A judge due to sentence the first two people to be charged under NSW race-fixing laws has indicated he won't jail a horse trainer for cheating in the 2013 Tamworth Cup.
Cody Glenn Morgan, whose partner is heavily pregnant, appeared relieved at the words of Acting Judge Colin Charteris, who said the 31-year-old had "considerable potential".
Morgan and family friend Robert James Clement, 51, were last month found guilty of engaging in conduct to corrupt the betting outcome of the Cup.
The crown contended they had an agreement to obtain a financial windfall and drenched Morgan's horse Prussian Secret just hours before it won the race.
Morgan also was found guilty of using corrupt conduct information to bet on an event, namely that he knew the horse had been treated, before he placed a $100 each-way bet on the race.

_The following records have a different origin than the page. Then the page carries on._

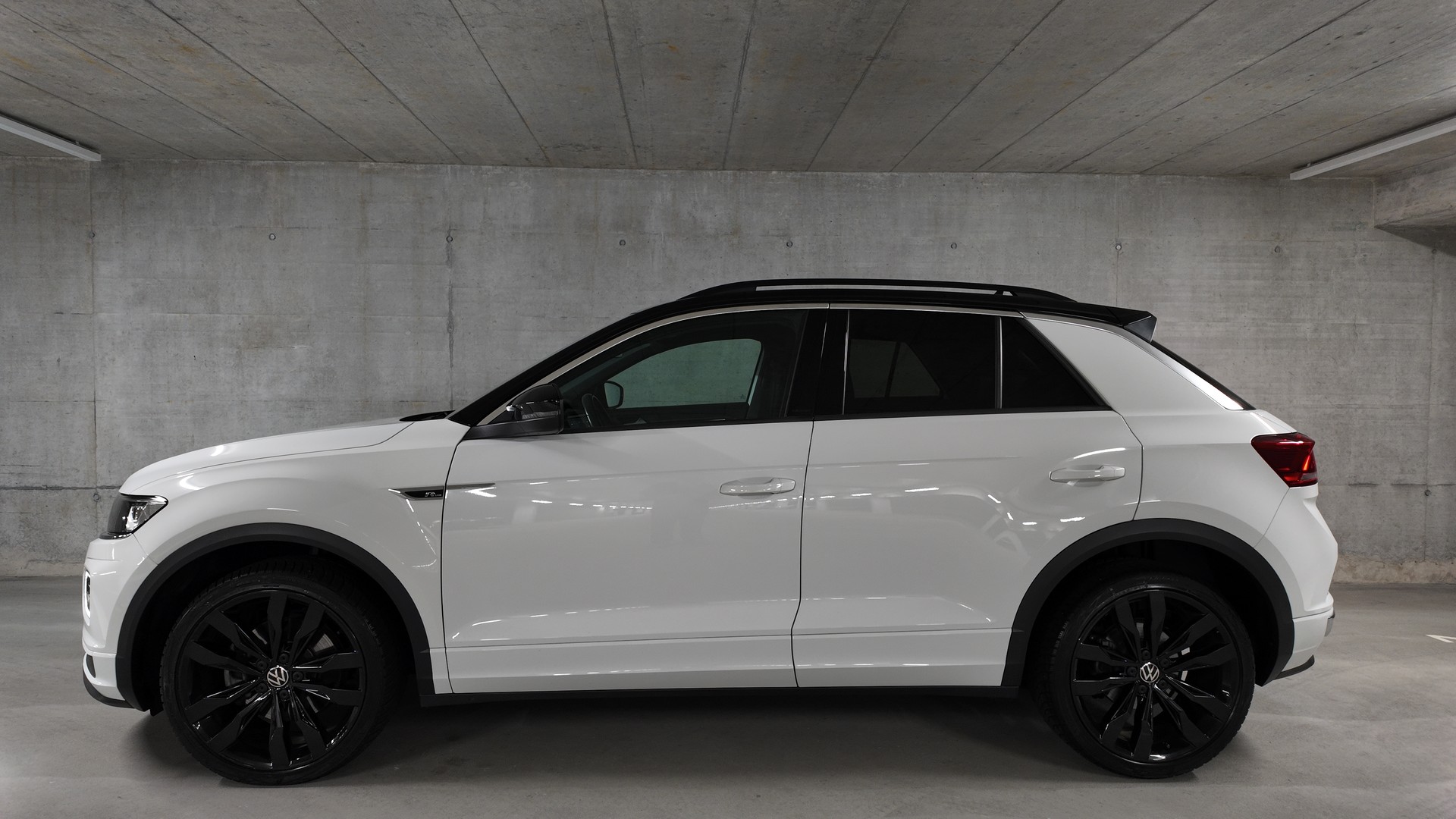 VW T-Roc 2.0 TSI R-Line Sport DSG 4Motion-image-2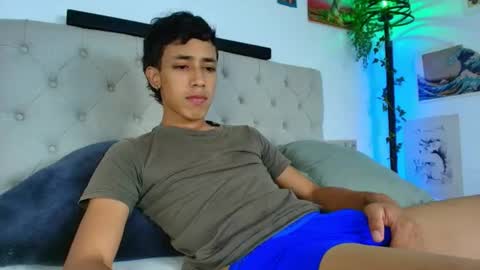 ostin 18hot online show from June 26, 3:01 am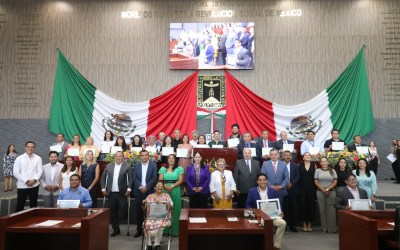 Entrega Congreso la Presea al Mérito Docente “Profesor y General Otilio Montaño Sánchez” 2025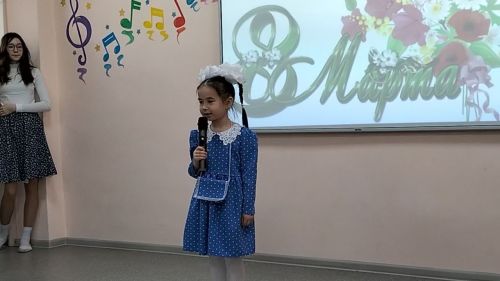 «Алдынгылар хәрәкәте» активистлары физик мөмкинлекләре чикләнгән балалар өчен бәйрәм концерты оештырды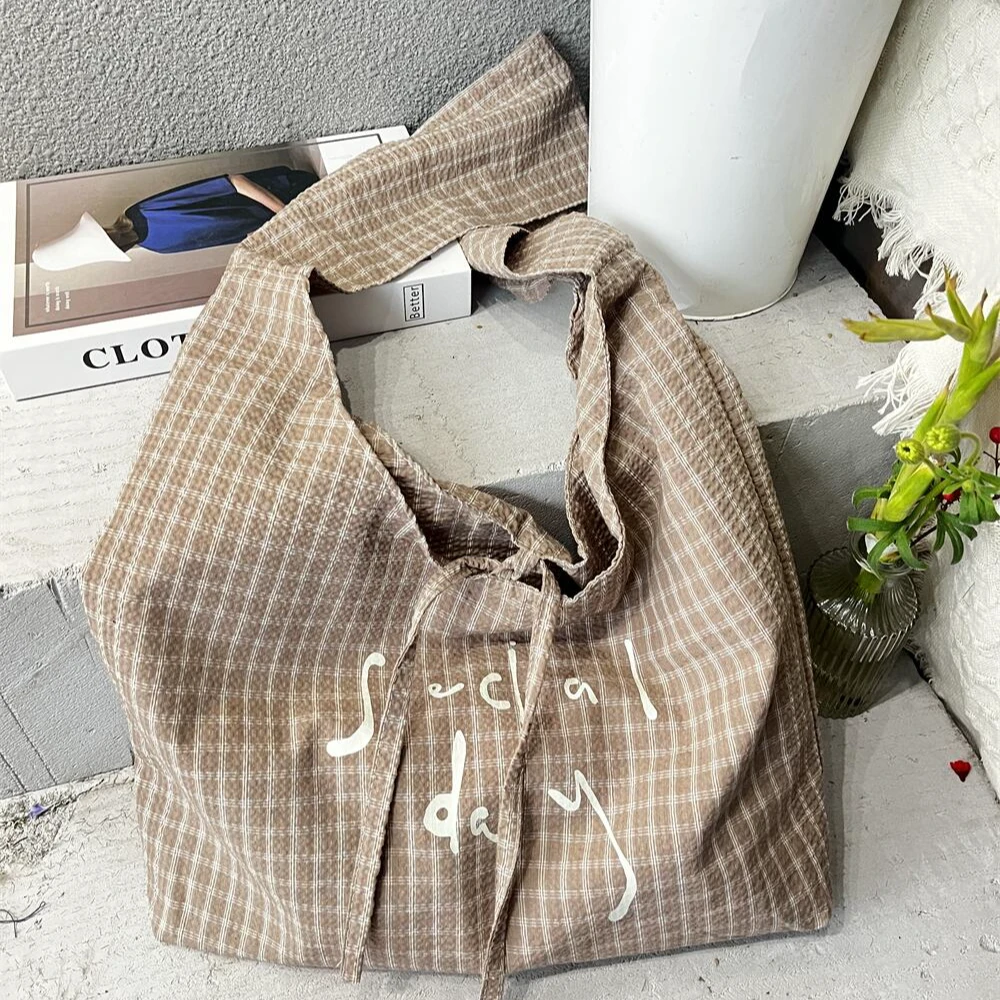 韩版休闲轻便格子上学包字母新款运动健身大容量斜挎上班包包单肩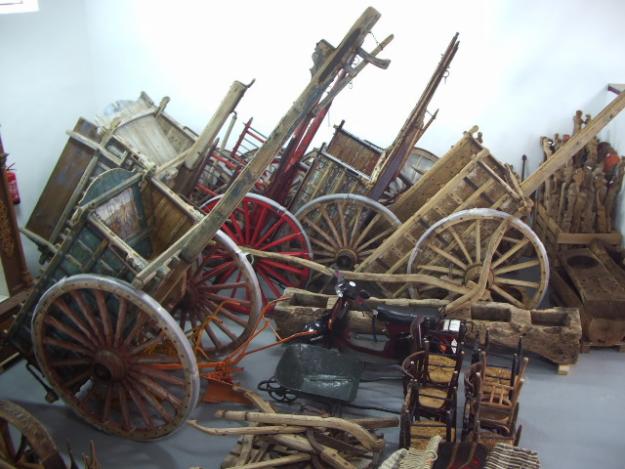 Carro antiguo de madera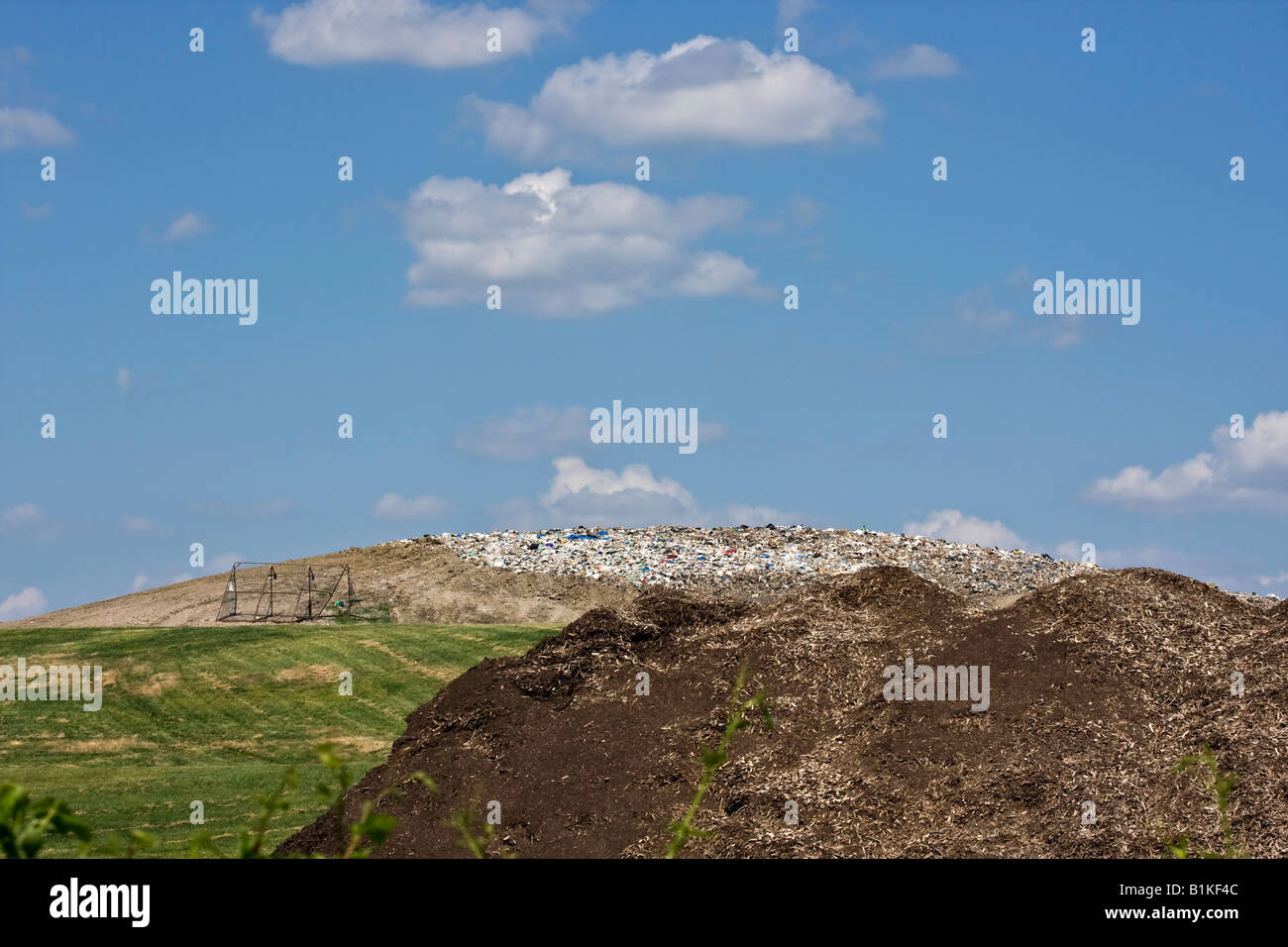 Siedlungsmülldeponie Müllhalden von festen Deponien Müllhalden Haufen mit Vögeln im Freien niemand horizontal in Ohio USA hoch auflösend Stockfoto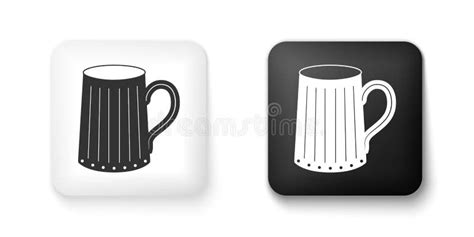 Black And White Wooden Beer Mug Icon Isolated On White Background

He was also convicted over an offence relating to treating Prussian Secret before the Gunnedah Cup in May 2013.
In Sydney's District Court on Thursday, Clement pleaded guilty to facilitating corrupt conduct in relation to a 2013 Tamworth harness race but asked that two matters be taken into account.
Morgan told the judge of his remorse, of how his parents had to sell a property to fund his trial and his ensuing psychological problems.
On Wednesday, Racing NSW stewards imposed a 15-month disqualification on Morgan but he's free to continue training now as he had already stood down for 18 months.
"I left school in year 9, I don't know a lot else," he said.
He had been an apprentice jockey, but was injured in a rodeo and is soon facing a 10th operation.
Crown prosecutor Jane Kripner said general deterrence was important, noting Morgan was primarily motivated by greed and the cheating attacked the integrity of racing.
Morgan's lawyer, Peter Skinner, submitted that the trainer now "is older and wiser" and a bond or community sentence would be appropriate.
He will be sentenced in Sydney on September 13, before Clement faces a sentence hearing.